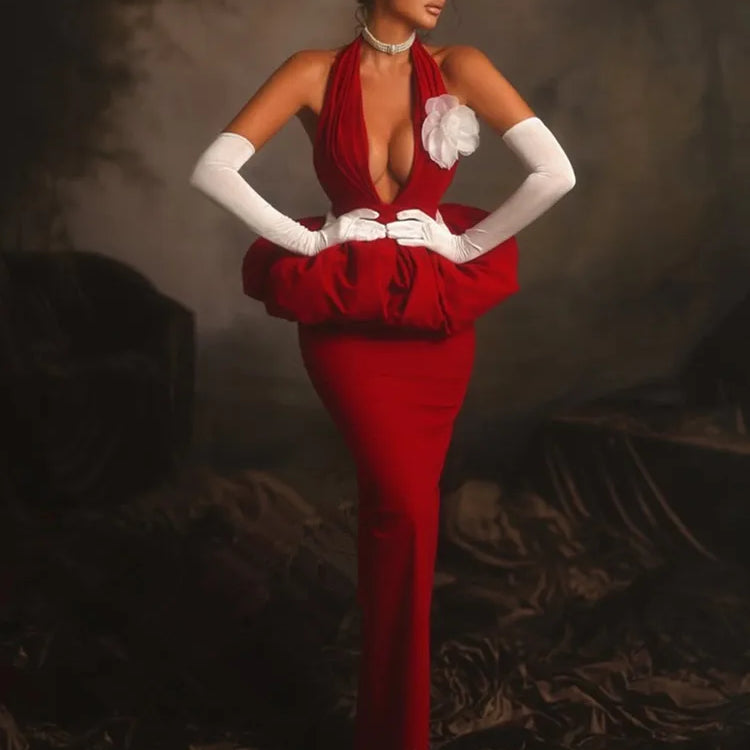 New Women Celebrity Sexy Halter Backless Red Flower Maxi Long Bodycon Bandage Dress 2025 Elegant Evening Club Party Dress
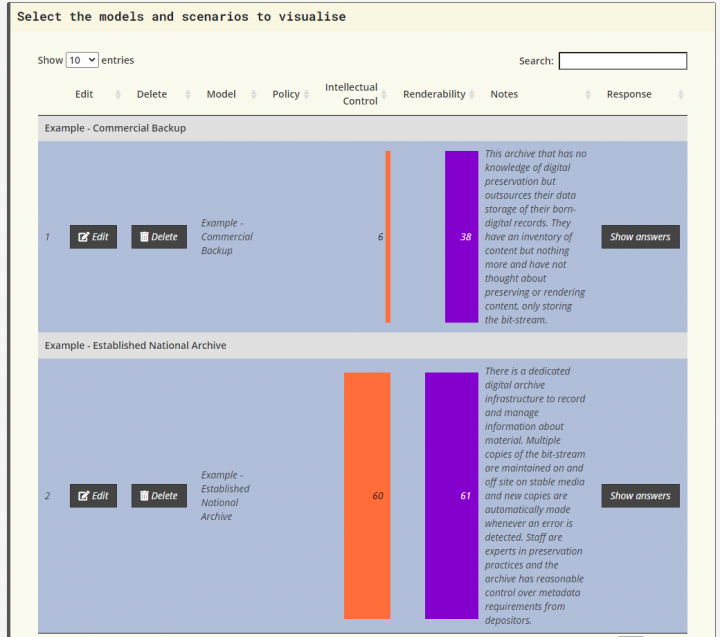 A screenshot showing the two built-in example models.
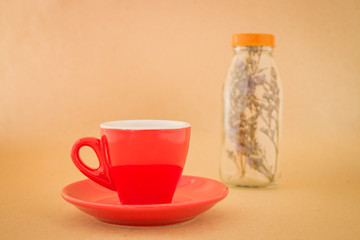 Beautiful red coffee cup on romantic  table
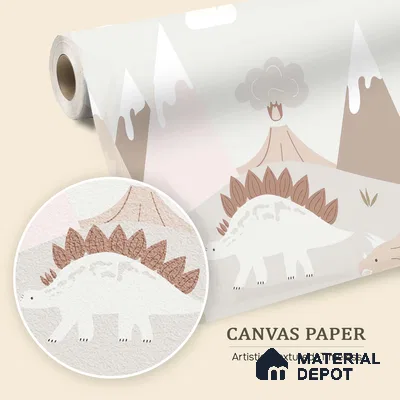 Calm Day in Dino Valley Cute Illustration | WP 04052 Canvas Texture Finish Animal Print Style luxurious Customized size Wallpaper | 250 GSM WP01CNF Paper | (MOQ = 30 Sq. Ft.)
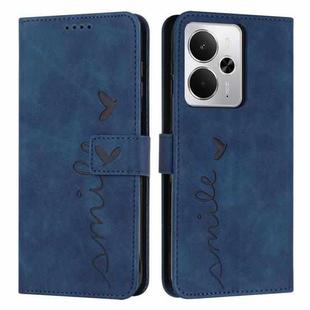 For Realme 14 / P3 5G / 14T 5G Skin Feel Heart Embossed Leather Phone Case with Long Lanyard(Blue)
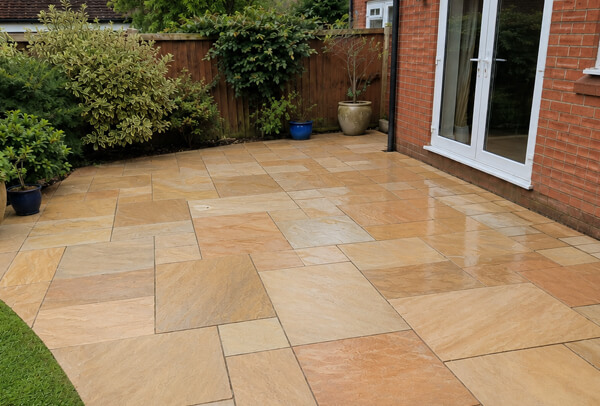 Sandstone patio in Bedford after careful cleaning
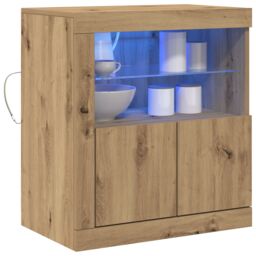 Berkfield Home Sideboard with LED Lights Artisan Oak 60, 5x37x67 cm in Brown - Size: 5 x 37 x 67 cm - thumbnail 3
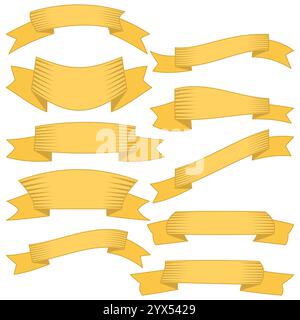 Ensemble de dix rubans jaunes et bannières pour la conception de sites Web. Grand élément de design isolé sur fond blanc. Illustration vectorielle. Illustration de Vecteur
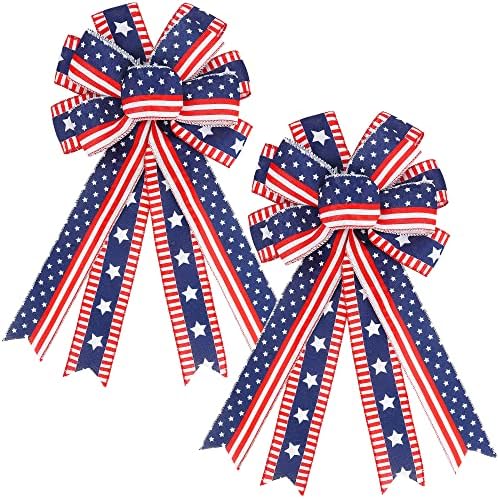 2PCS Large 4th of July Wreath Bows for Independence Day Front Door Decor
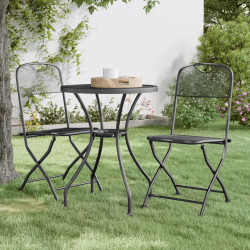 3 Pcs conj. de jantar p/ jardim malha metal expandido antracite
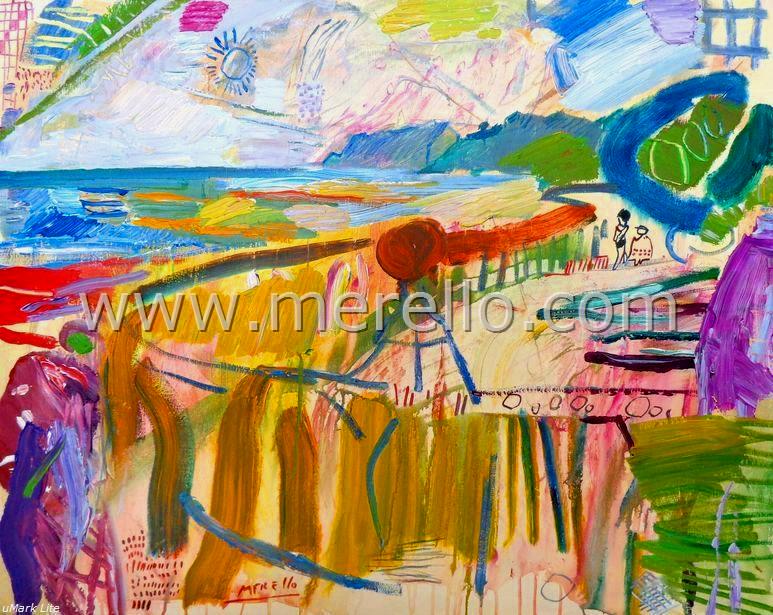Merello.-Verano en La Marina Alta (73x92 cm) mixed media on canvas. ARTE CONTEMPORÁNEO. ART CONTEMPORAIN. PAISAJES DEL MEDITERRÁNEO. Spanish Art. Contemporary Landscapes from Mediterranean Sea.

YOUR INSTRUCTIONS: The lines running from the beginning of the listing above through the line that holds "Beautiful red coffee" are to be duplicated exactly, both ends kept, pictures omitted.

EXERCISE OUTPUT:
 New Women Celebrity Sexy Halter Backless Red Flower Maxi Long Bodycon Bandage Dress 2025 Elegant Evening Club Party Dress
 A screenshot showing the two built-in example models.
 Beautiful red coffee cup on romantic  table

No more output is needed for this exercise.